Exercise goal: Set down each of the records below exactly as it reads. No pictures go into the copy.

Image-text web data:
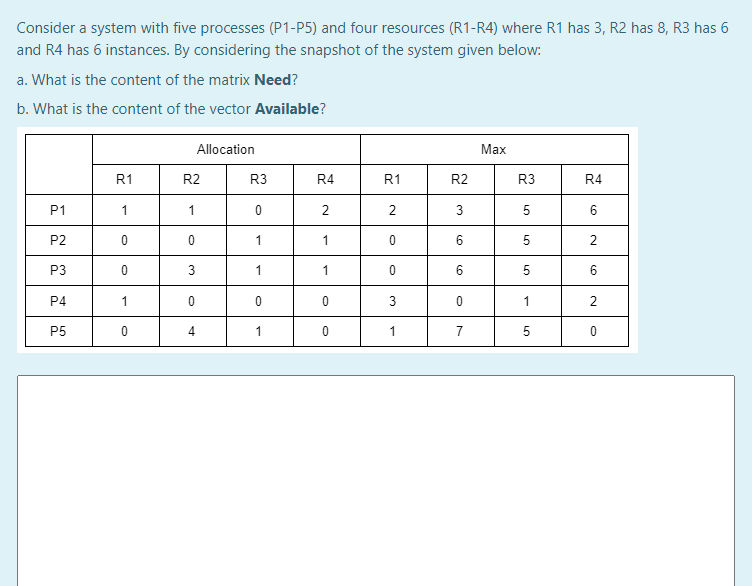 Consider a system with five processes (P1-P5) and four resources (R1-R4) where R1 has 3, R2 has 8, R3 has 6
and R4 has 6 instances. By considering the snapshot of the system given below:
a. What is the content of the matrix Need?
b. What is the content of the vector Available?
Allocation
Max
R1
R2
R3
R4
R1
R2
R3
R4
P1
1
1
2
P2
1
6.
5
2
P3
1
6
6
P4
1
1
P5
4.
1
7
6,
2.
LO
3.
2.
3.
3.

Task output:
 Consider a system with five processes (P1-P5) and four resources (R1-R4) where R1 has 3, R2 has 8, R3 has 6
and R4 has 6 instances. By considering the snapshot of the system given below:
a. What is the content of the matrix Need?
b. What is the content of the vector Available?
Allocation
Max
R1
R2
R3
R4
R1
R2
R3
R4
P1
1
1
2
P2
1
6.
5
2
P3
1
6
6
P4
1
1
P5
4.
1
7
6,
2.
LO
3.
2.
3.
3.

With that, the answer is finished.